Leveraging Hallucinations to Reduce Manual Prompt Dependency in Promptable Segmentation
Promptable segmentation typically requires instance-specific manual prompts to guide the segmentation of each desired object. To minimize such a need, task-generic promptable segmentation has been introduced, which employs a single task-generic prompt to segment various images of different objects in the same task. Current methods use Multimodal Large Language Models (MLLMs) to reason detailed instance-specific prompts from a task-generic prompt for improving segmentation accuracy. The effectiveness of this segmentation heavily depends on the precision of these derived prompts. However, MLLMs often suffer hallucinations during reasoning, resulting in inaccurate prompting. While existing methods focus on eliminating hallucinations to improve a model, we argue that MLLM hallucinations can reveal valuable contextual insights when leveraged correctly, as they represent pre-trained large-scale knowledge beyond individual images. In this paper, we utilize hallucinations to mine task-related information from images and verify its accuracy for enhancing precision of the generated prompts. Specifically, we introduce an iterative Prompt-Mask Cycle generation framework (ProMaC) with a prompt generator and a mask generator.The prompt generator uses a multi-scale chain of thought prompting, initially exploring hallucinations for extracting extended contextual knowledge on a test image.These hallucinations are then reduced to formulate precise instance-specific prompts, directing the mask generator to produce masks that are consistent with task semantics by mask semantic alignment. The generated masks iteratively induce the prompt generator to focus more on task-relevant image areas and reduce irrelevant hallucinations, resulting jointly in better prompts and masks. Experiments on 5 benchmarks demonstrate the effectiveness of ProMaC. Code given in https://lwpyh.github.io/ProMaC/.
💡 Research Summary
The paper tackles the problem of manual prompt dependency in promptable segmentation by turning the traditionally problematic hallucinations of multimodal large language models (MLLMs) into a source of useful prior knowledge. In task‑generic promptable segmentation, a single coarse prompt (e.g., “camouflaged animal”) is used for all images of a given task, but this generic cue is often ambiguous and leads to poor segmentation if applied directly. Existing approaches (e.g., GenSAM) rely on MLLMs to convert the generic prompt into detailed instance‑specific prompts, yet the quality of those prompts is limited by hallucinations—spurious predictions driven by object co‑occurrence priors learned during pre‑training.

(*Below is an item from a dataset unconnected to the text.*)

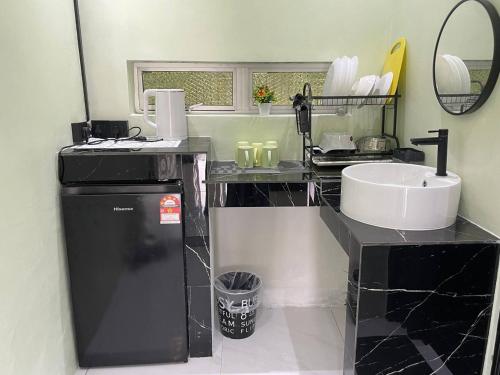 a bathroom with a counter with a sink and a mirror at AR HOMESTAY & ROOMESTAY in Merlimau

ProMaC (Prompt‑Mask Cycle) introduces a training‑free, test‑time adaptation loop that jointly refines instance‑specific prompts and segmentation masks. The system consists of a prompt generator and a mask generator that interact iteratively. The prompt generator first splits the input image into patches at multiple scales (whole image, horizontal/vertical cuts, smaller crops) and feeds each patch together with the task‑generic prompt into an MLLM. Using a multi‑scale chain‑of‑thought prompting strategy, the model is deliberately allowed to hallucinate, producing candidate object names (foreground and background) and bounding boxes for each patch. These hallucinations exploit the MLLM’s extensive world knowledge, surfacing plausible objects that may be hidden, camouflaged, or otherwise ambiguous in the visual data.
To prune irrelevant hallucinations, ProMaC employs Visual Contrastive Reasoning (VCR). The mask generator takes the current set of instance‑specific prompts and produces a segmentation mask. This mask is then used as a visual marker: an inpainting model removes the masked region, yielding a contrastive image that contains only background. Feeding this contrastive image back to the MLLM reveals which hallucinated candidates disappear when the object is absent, allowing the system to discard those that were purely prior‑driven. By comparing responses on the original and contrastive images, the prompt generator refines its candidate lists, converging toward accurate, task‑relevant prompts.
The refined prompts are fed again to the mask generator, which now performs mask semantic alignment: the generated mask is encouraged to be semantically consistent with the task‑generic prompt (e.g., focusing on camouflaged animals rather than arbitrary background). The mask itself becomes a new visual marker for the next VCR step, creating a closed feedback loop that progressively improves both prompts and masks.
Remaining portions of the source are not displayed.